For two hundred years the real estate industry has been developing in this country and the industry has done all right, thanks. For years the banks have wanted to play a bigger role. Most of the industry has seen that having the loan originator, the title processor, the escrow closer, the realtor, the appraiser, and the inspector as separate unconnected businesses is a good thing and provides many levels of cross checking to keep fraud at bay.
There are big real estate companies which own title companies or have lending wings. Some companies even call themselves home and loan establishments in hope of convincing the consumer that one stop shopping is convenient and therefore better for the consumer.

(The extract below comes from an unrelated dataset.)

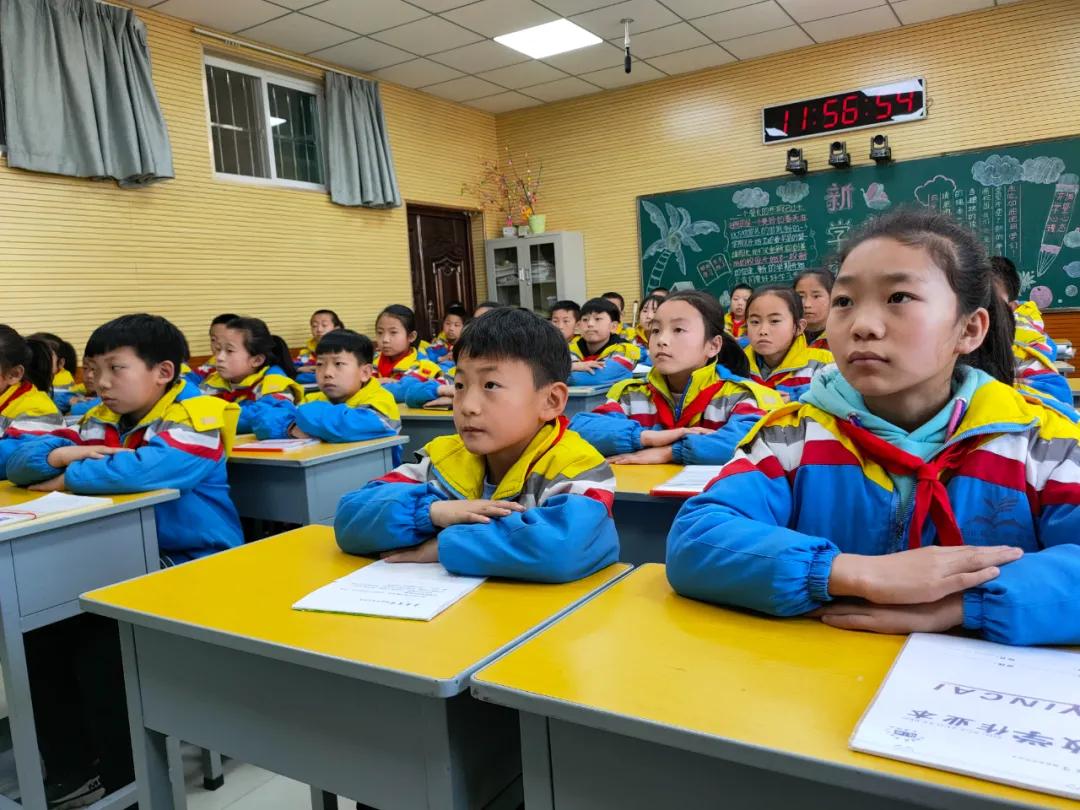 县林业局植树节活动,市林业局植树节工作方案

So what is going on with the banks and short sales. The bank gets to control the seller like a puppet on strings. A short seller's home can be put at a reasonable price and the minute the realtor discloses that it is a short sale, no savvy buyer that is buying a home to live in will touch it. Why? Because it will take 9 months or longer to close and these buyers are buying a home to live in now.
Besides taking nine months to close, the sale might not ever close. Why? Because the banks lose money on a short sale but if they foreclose, there is the insurance that will pay them for their loss. All of that time is wasted and the home goes into foreclosure.
So, about the fraud? The banks are totally inept at handling real estate transactions. Multiple listing Associations across the country have developed forms over the years that work regionally and within state and federal laws favoring neither the seller, nor the buyer, but anticipate bringing a mutually acceptable contract on real estate to closing. Banks on the other hand have taken the position that their obligation is to their stockholders, and the bank's attorneys have left no avenue unexplored on how to extract every dime from every real estate deal that they can get their hands on.
- Banks feel they are above the MLS rules and regulations, so each bank has it's own rules to be followed.
- Banks have no respect for anyone one so they pay everyone involved fees they would pay their entry level tellers.
- Banks have to have control, and they get it when the have the right to approve a short sale.
- Banks take forever to complete any task.
With all of these control issues the banks have created a system ripe for fraud and there are people who saw that and they became real estate agents and investors and are now all over the banks with their game. If any of these bounders is ever brought to trial and found guilty I am almost positive that you will find that as a whole these people got into the real estate industry after 2007, and that none of these people ever acted like a true real estate agent whose job is to help a seller market their home and to help a buyer find and buy a home.
Most agents have the best interests of their clients at heart. We've always had a few bad apples, like every profession. You know who the bank caters to by virtue of having investors. And that includes every big bank. Feel sorry for them if you must. I surely don't.